WORK REQUEST — Nothing but the lines from the first line of the records through the line with "Blue floral ginger jar" should be output, exactly as written and free of pictures.

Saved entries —
──────────────────────────────

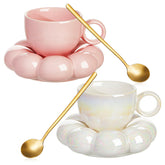 Tessco coffee cloud mug pink with saucer, cozy mornings.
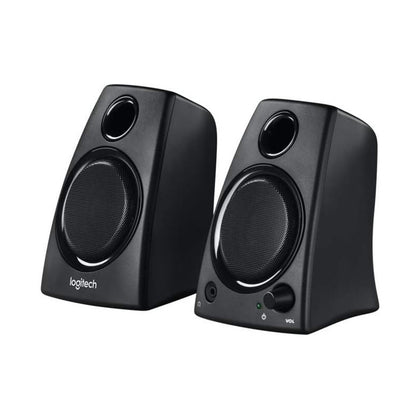 Logitech Z130 PC Speakers, Full Stereo Sound, Strong Bass, 10 Watts Peak Power, 3.5mm Audio Input, Headphone Jack, Volume Controls, UK Plug, Computer/TV/Smartphone/Tablet - Black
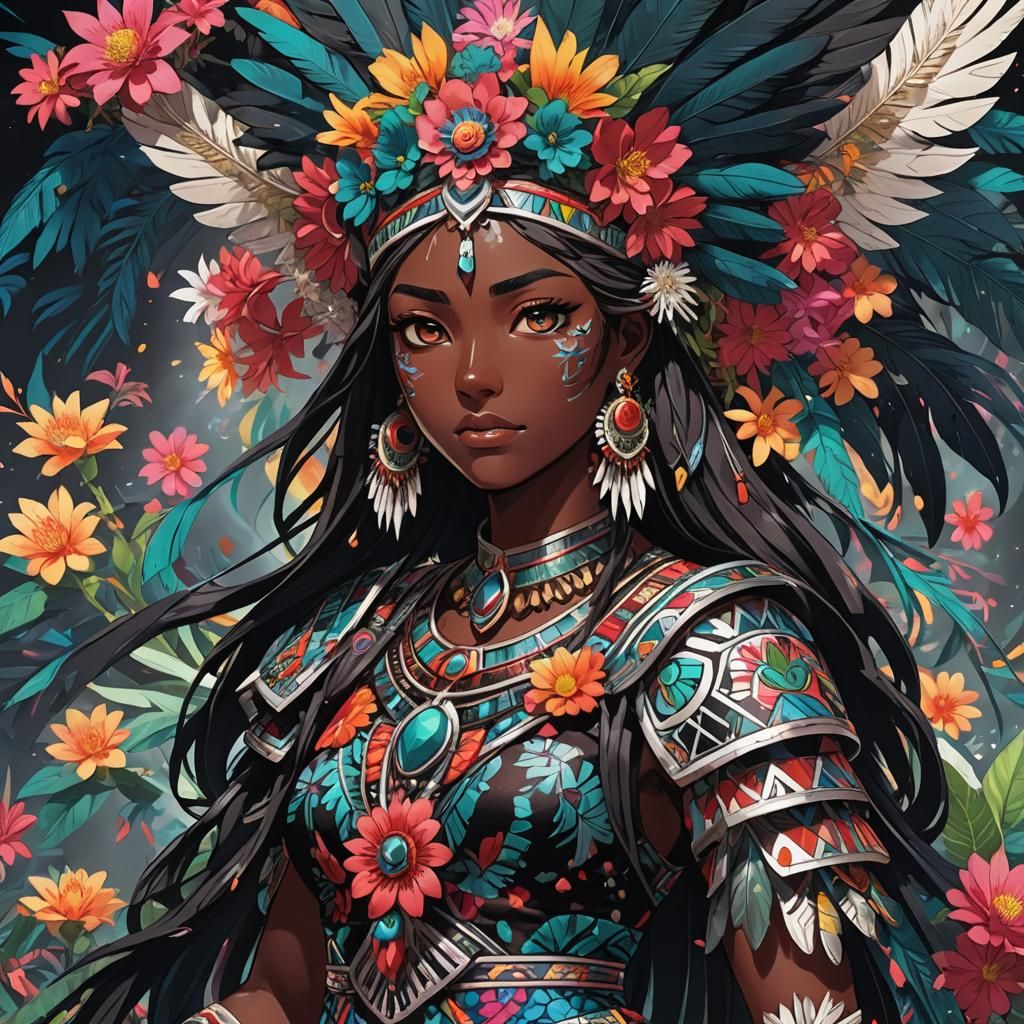 Aztec Girl with Obsidian Sword in Anime Manga Style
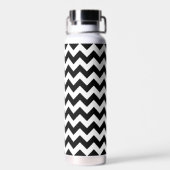 Zwart-wit zigzag patroon, Chevron Pattern Waterfles (Achterkant)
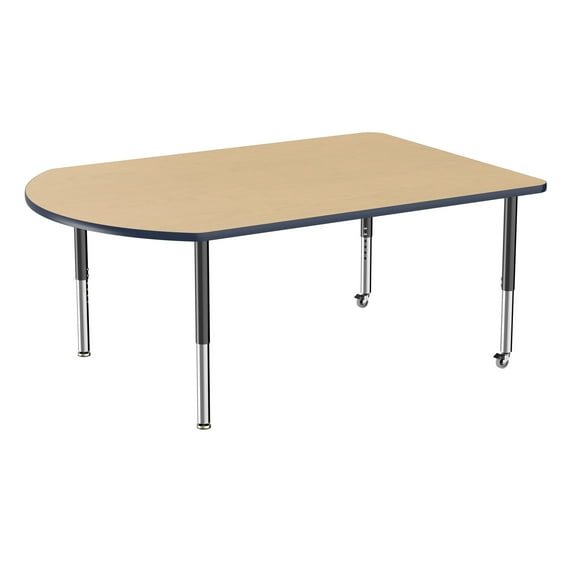 48in x 72in Work Around Everyday T-Mold Adjustable Activity Table Maple/Navy/Black - Super Leg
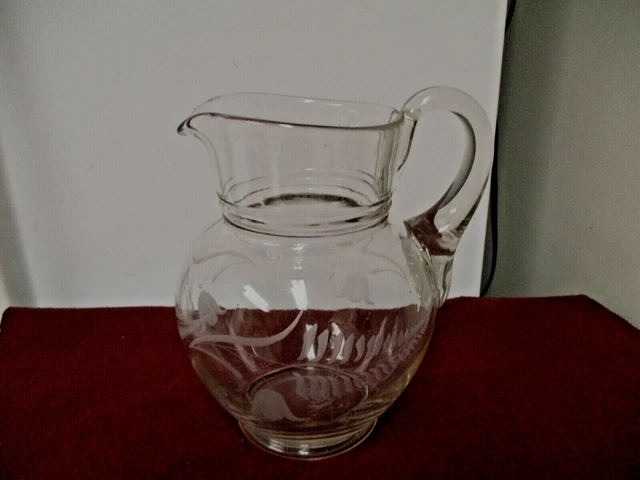 Older Clear Etched Glass Pitcher-Floral & Fern-Water, Lemonade, Ice Tea etc
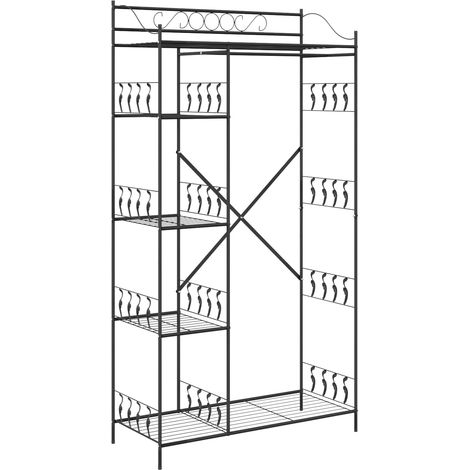 Maison Exclusive - Offener Kleiderschrank Schwarz 101 x 43 x 188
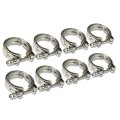 Auto Dynasty 2 5 Inches Id V-band Clamp Stainless Steel 10 Mm Lock Bolt Universal Use For Outer Diameter Tube Pack Of 8 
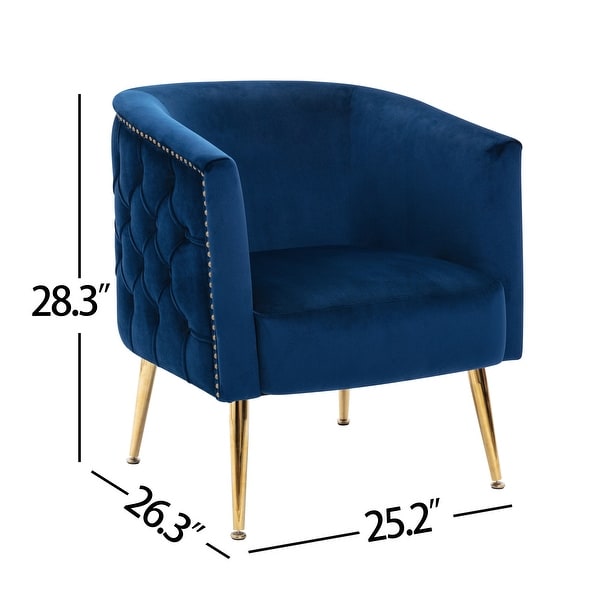 Corvus Tyrol Velvet Curved Back Barrel Accent Chair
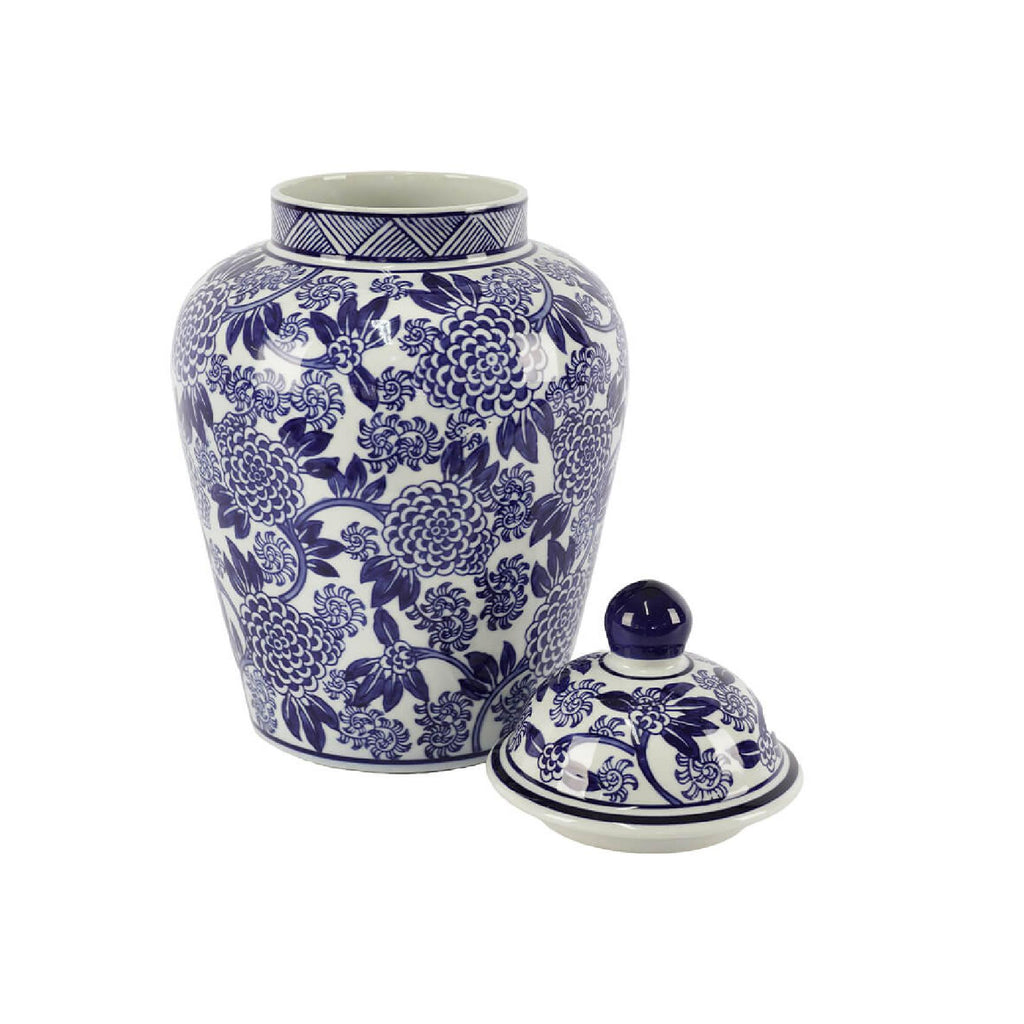 Blue floral ginger jar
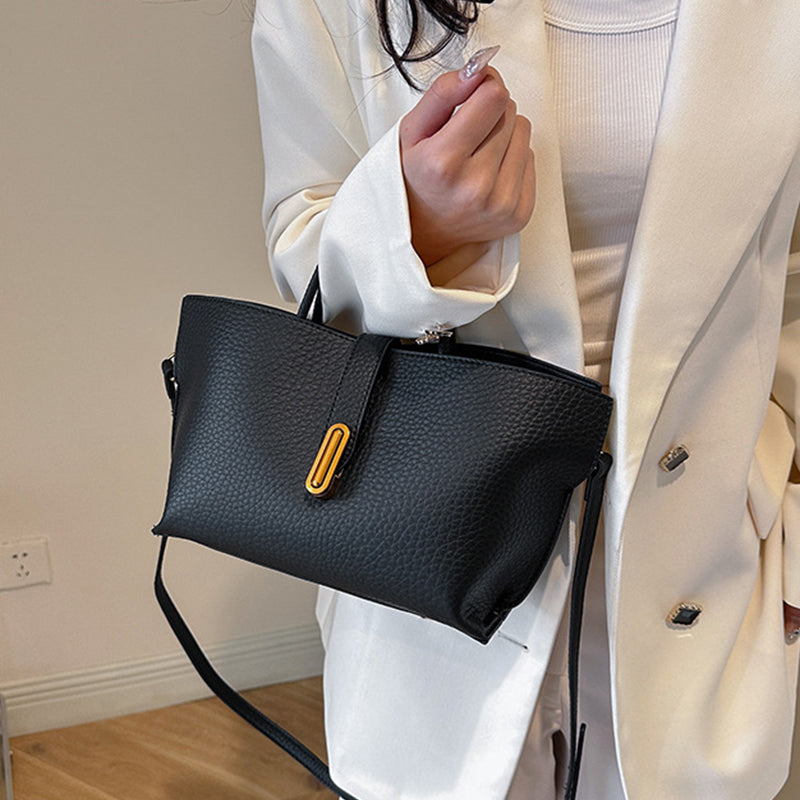 Buy INS Litchi Pattern Shoulder Bag Fashion Zipper Bucket Bag High Capacity Totes Handbag For Women online at DLC Market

──────────────────────────────

EXERCISE RESULT —
 Tessco coffee cloud mug pink with saucer, cozy mornings.
 Logitech Z130 PC Speakers, Full Stereo Sound, Strong Bass, 10 Watts Peak Power, 3.5mm Audio Input, Headphone Jack, Volume Controls, UK Plug, Computer/TV/Smartphone/Tablet - Black
 Aztec Girl with Obsidian Sword in Anime Manga Style
 Zwart-wit zigzag patroon, Chevron Pattern Waterfles (Achterkant)
 48in x 72in Work Around Everyday T-Mold Adjustable Activity Table Maple/Navy/Black - Super Leg
 Older Clear Etched Glass Pitcher-Floral & Fern-Water, Lemonade, Ice Tea etc
 Maison Exclusive - Offener Kleiderschrank Schwarz 101 x 43 x 188
 Auto Dynasty 2 5 Inches Id V-band Clamp Stainless Steel 10 Mm Lock Bolt Universal Use For Outer Diameter Tube Pack Of 8 
 Corvus Tyrol Velvet Curved Back Barrel Accent Chair
 Blue floral ginger jar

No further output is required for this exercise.